*** Available data ***
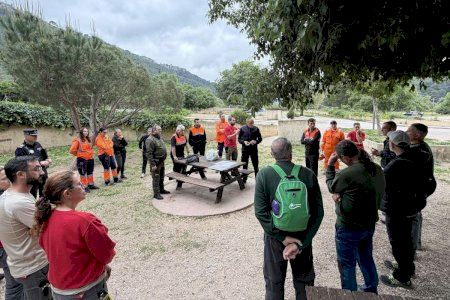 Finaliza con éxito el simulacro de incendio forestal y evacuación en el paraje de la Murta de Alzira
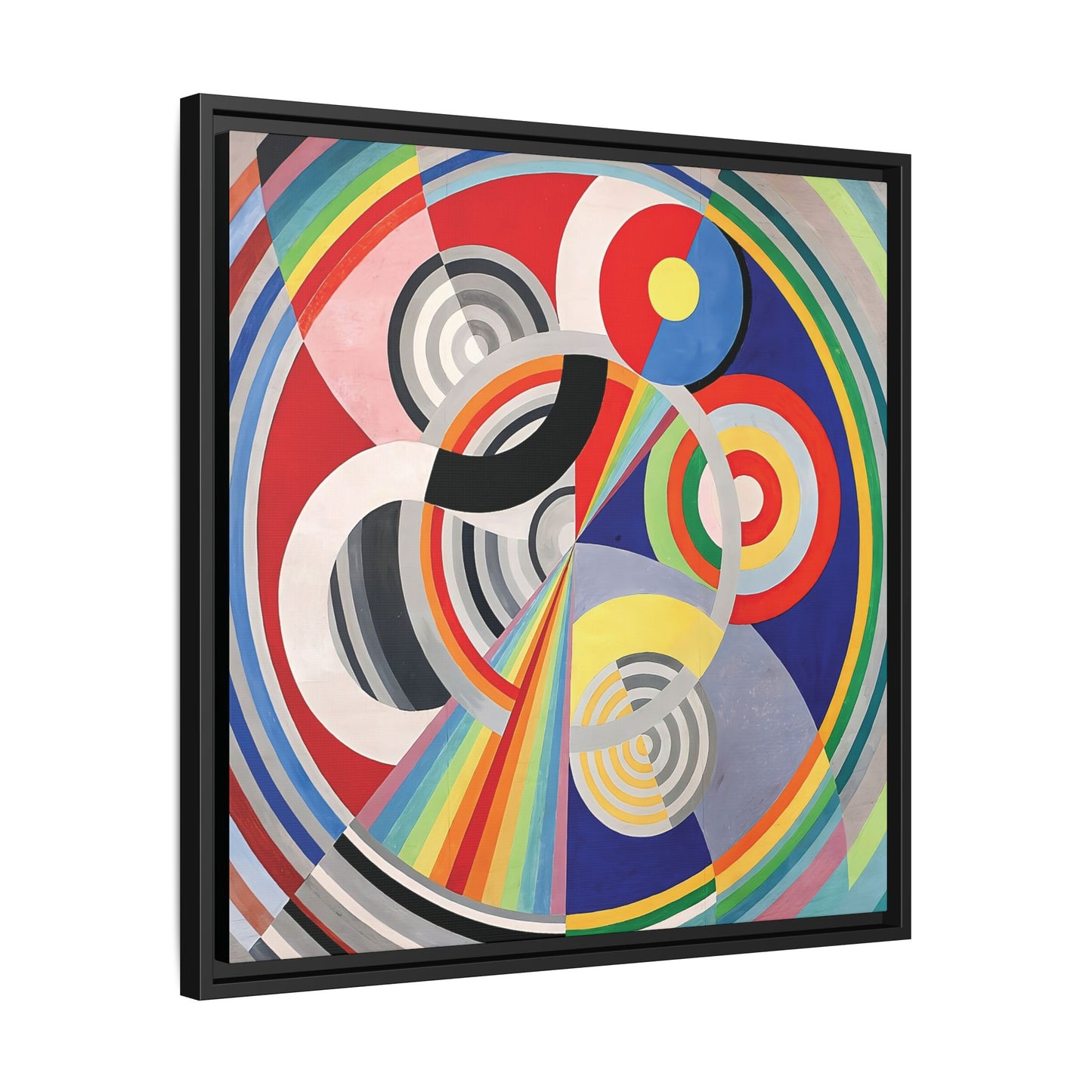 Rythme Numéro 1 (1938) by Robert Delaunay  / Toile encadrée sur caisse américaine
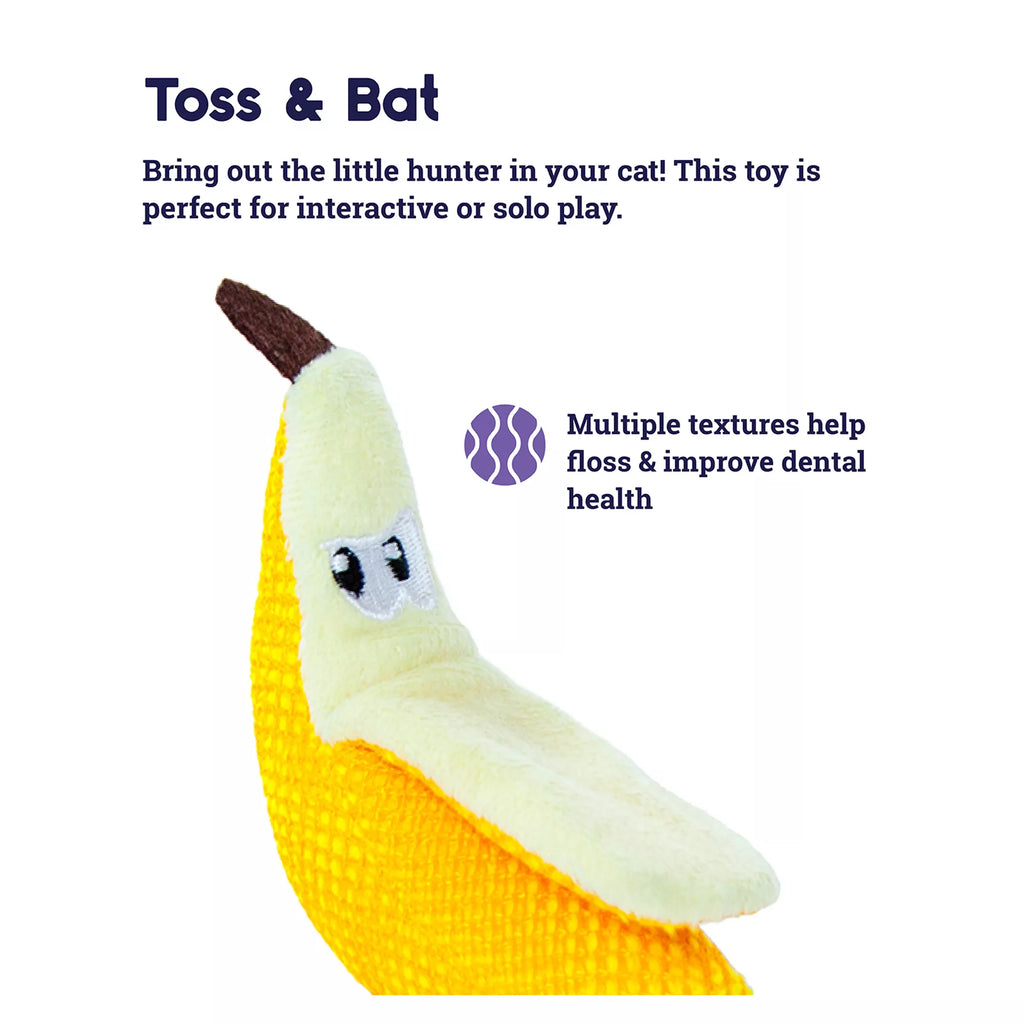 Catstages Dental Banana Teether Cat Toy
*** End of Available data ***
• [Exercise brief]
What you output must match the data exactly, apart from the pictures, which are left out.

• [Written response]
 Finaliza con éxito el simulacro de incendio forestal y evacuación en el paraje de la Murta de Alzira
 Rythme Numéro 1 (1938) by Robert Delaunay  / Toile encadrée sur caisse américaine
 Catstages Dental Banana Teether Cat Toy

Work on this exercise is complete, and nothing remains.